Teresa, I agree with your approach. We have a vacation rental and are supposed to review each guest, and if I can’t give a good review, I don’t review at all. That’s only happened a couple of times. On the other hand, if we had a truly horrible guest, I think I would need to post a bad review, in order to warn other hosts. So I think your email to the owner was doing him a favour.
So interesting to read, Teresa! I do the same as you, praise the ones that I love and stay quiet with the ones I disliked. We usually have breakfast out every saturday, and sometimes we try a new cafè. We post it on IG with pic and review. Two Saturdays ago I had a bad breakfast: scones raw in the middle and bad coffee. We won’t be back there but we also decided to keep the bad experience for ourselves. Like the idea of writing an email, though!
I loved reading this, and there are some wonderful incites here. I’m particularly happy to be reminded of the ‘work with what you love’ mentality. I think many of us (myself included) fall into the kind of complainer category you’re describing, and it’s got it’s real pluses and minuses. But I try, really really try, to say something when I feel like it can actually make a difference. It’s a tough call really, and constructive criticism as a concept is difficult to get a grasp on in certain settings (will my comments at a restaurant matter, or will they be ignored outright?). And while I still don’t LIKE to complain, I am reminded of my senior poetry composition class, way back from when I was in my 1st Uni degree. The small, tight-nit class had more-or-less worked very hard over the previous two years, and we’d all developed decent criticism skills, but our professor that year wasn’t afraid to call it like it was. It was a bit of a wakeup when you realized that, yes, criticism could really be empowering. Of course, all of that applies to CONSTRUCTIVE criticism, and not straight-up complaining, but I’m sure the two overlap on at least some occasions.
As for myself, I find that I now try quite hard to discuss the things I love, but I always try to figure out if there’s a way that my discussion or analysis can shed light on the darker spots. Perhaps it’s not always appreciated, and I know it’s not always easy to hear (or to do), but I believe that it can be a very positive tool.

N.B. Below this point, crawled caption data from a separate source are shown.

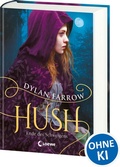 Cover: Hush (Band 2) - Ende des Schweigens - Loewe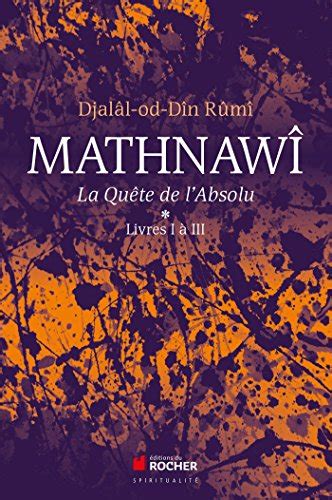 mathnaw qu te labsolu tomes livres ebook Doc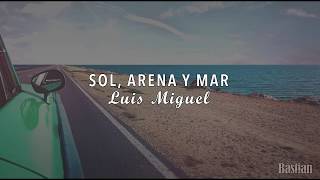 Luis Miguel - Sol Arena y Mar (Letra) ♡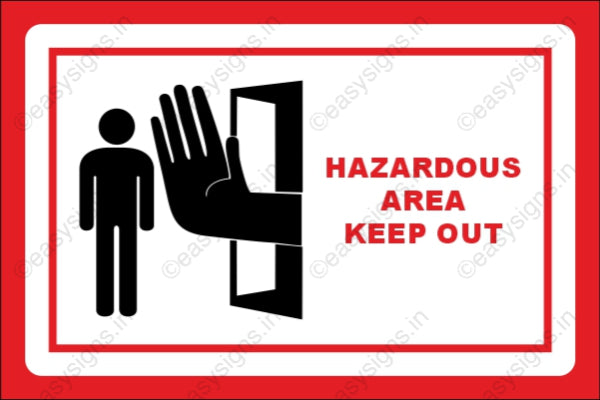 Hazardous Area - Keep Out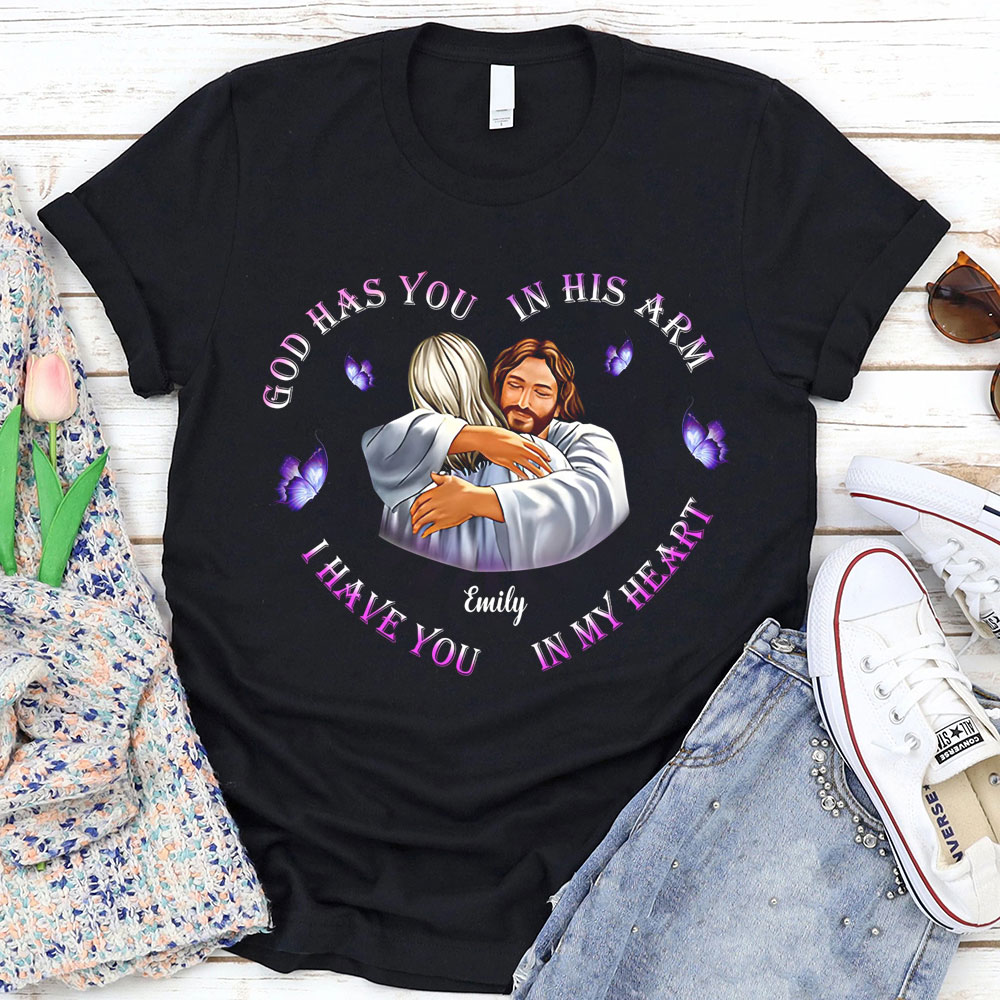 God Has You In His Arm Christian T-Shirt
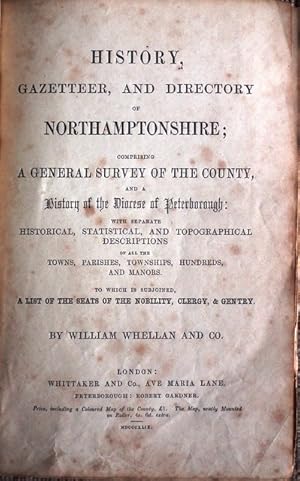 Imagen del vendedor de History, Gazetteer, and Directory of Northamptonshire; Comprising a General Survey of the County, and a History of the Diocese of Peterborough: With Separate Historical, Statistical, and Topographical Descriptions of all the Towns, Parishes, Townships, Hundreds, and Manors. To which is Subjoined, a List of the Seats of the Nobility, Clergy, & Gentry. a la venta por Patrick Pollak Rare Books ABA ILAB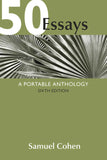 50 Essays: A Portable Anthology (6th Edition) – Samuel Cohen | Paperback | 9781319307752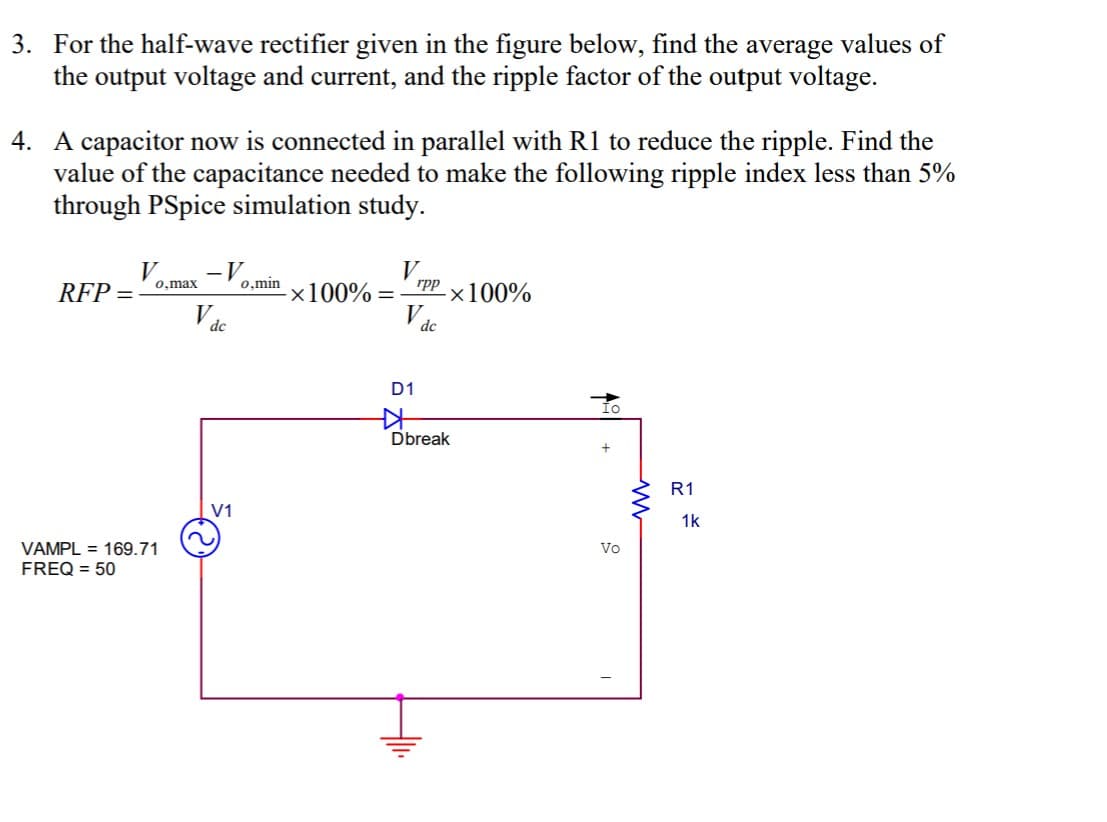 3. For the half-wave rectifier given in the figure below, find the average values of
the output voltage and current, and the ripple factor of the output voltage.
4. A capacitor now is connected in parallel with R1 to reduce the ripple. Find the
value of the capacitance needed to make the following ripple index less than 5%
through PSpice simulation study.
V
RFP =
-V
0,min
0,max
rpp
x100% =
-×100%
dc
dc
D1
Dbreak
R1
V1
1k
Vo
VAMPL = 169.71
FREQ = 50
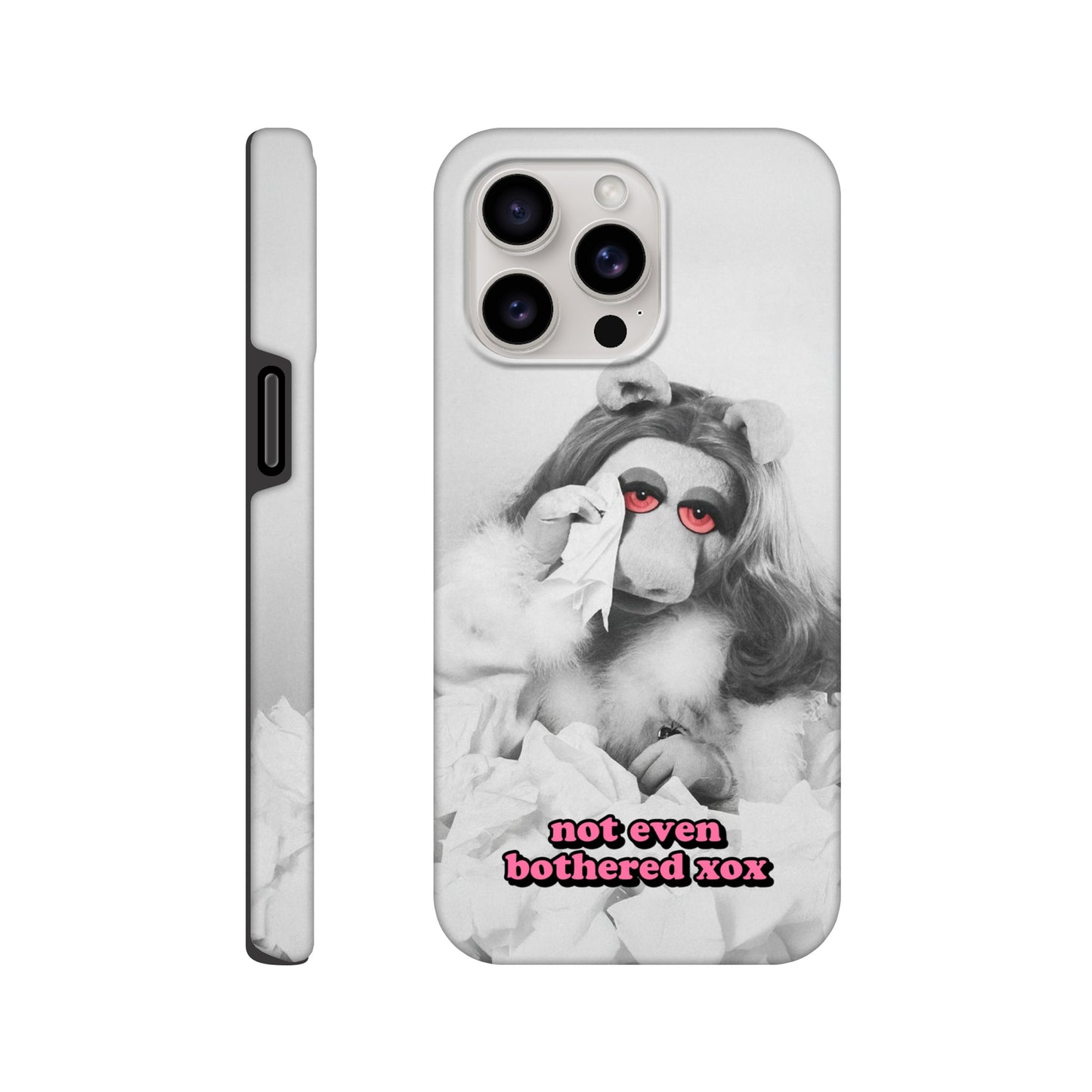 iPhone Case iPhone 15 Pro Max not even bothered Piggy Tough iPhone Case ~ GAYSBIE PREMIUM MATERIALS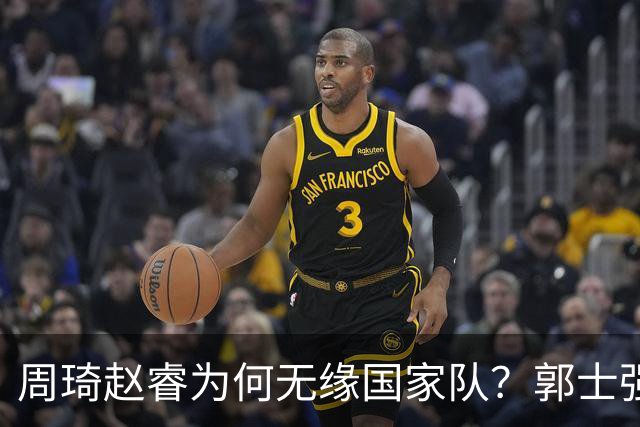 周琦赵睿为何无缘国家队？郭士强要严抓纪律作风 任期内林葳难入选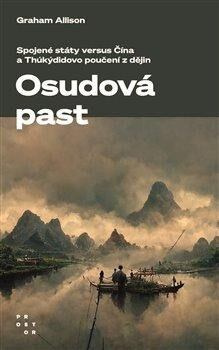 Osudová past - Graham Allison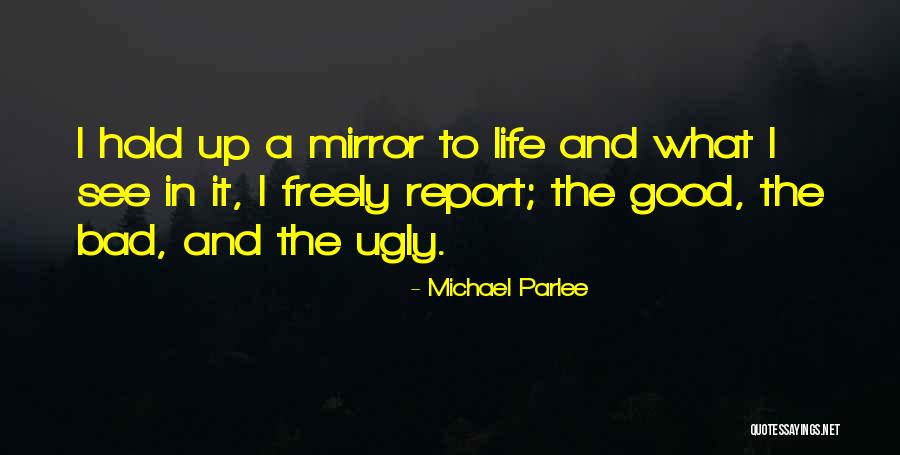 Good Bad The Ugly Quotes By Michael Parlee Good Bad The Ugly Quotes By Michael Parlee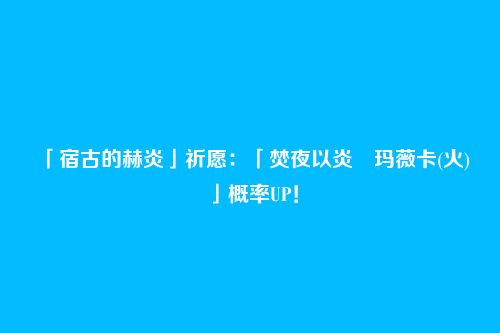 「宿古的赫炎」祈愿:「焚夜以炎・玛薇卡(火)」概率UP!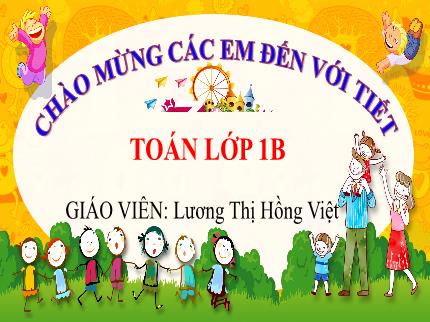 Bài giảng Toán Lớp 1 - Bài 31: Bảng trừ trong phạm vi 6 - Năm học 2023-2014 - Lương Thị Hồng Việt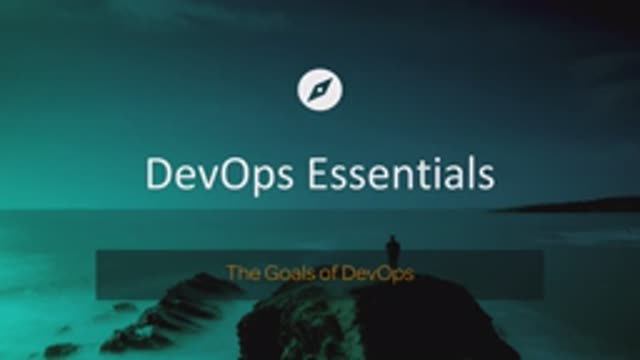 DevOps Essentials / Chapter 2.1: The Goals of DevOps смотреть онлайн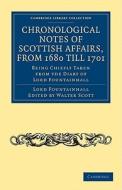 Chronological Notes of Scottish Affairs, from 1680 Till 1701 di John Lauder Fountainhall, John Lauder edito da Cambridge University Press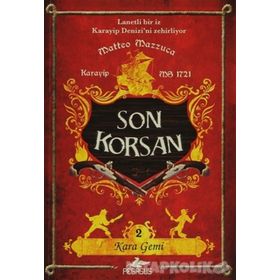 Son Korsan 2 - Kara Gemi - Matteo Mazzuca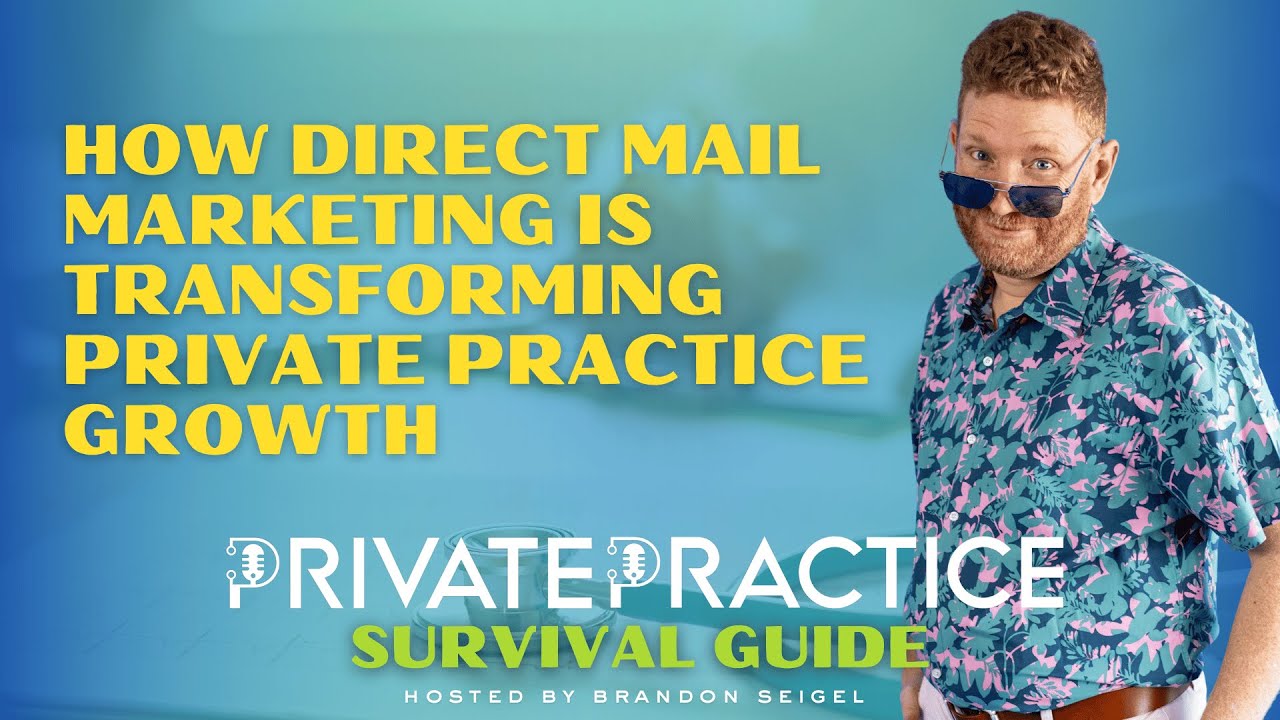 How Direct Mail Marketing Is Transforming Private Practice Growth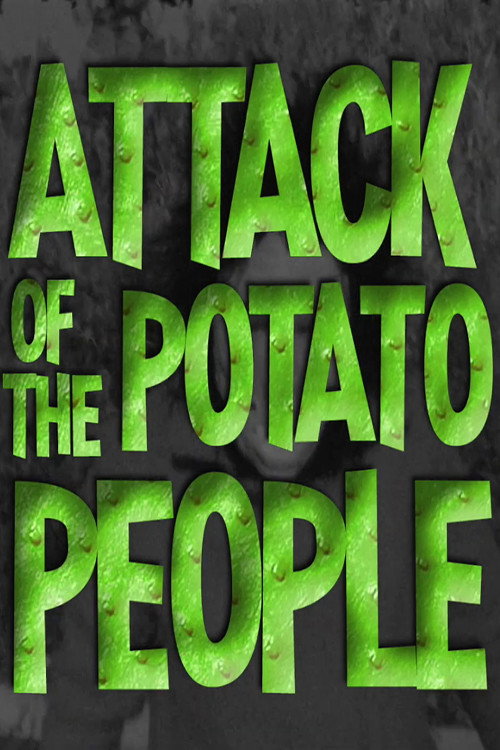 Movie poster for Attack of the Potato People (1984)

And if my comments fall on deaf ears, then my comments (good and bad) stop coming altogether.
Well now I am in a bit of a pickle after reading this. Just recently I left my first ever bad review on Yelp for a local business (2 stars) because I didn’t think I was dealt with with much courtesy and they wasted a lot of my time. My intent is/was to delete it if/when I get an apology. I just want their owner to know that their lack of courtesy came at a cost to me. My intent was not to affect anyone’s ability to earn a living but rather to spare others the loss of valuable time. Oh, I should add that I only ended up on Yelp because nobody at the business would take my calls…which was part of the problem to begin with.
As for the blogging world… I would not use my blog ever to post a negative experience. Just not my thing. I stopped doing cookbook reviews after one publisher got quite irritated with me for one SLIGHT criticism of a book I otherwise went nuts for. I thought it made my review all the more genuine and revealed it to be much more than the usual ‘blogger gush’ frequently associated with a blogger who gets something for free. She thought otherwise.
Food for thought. Great post!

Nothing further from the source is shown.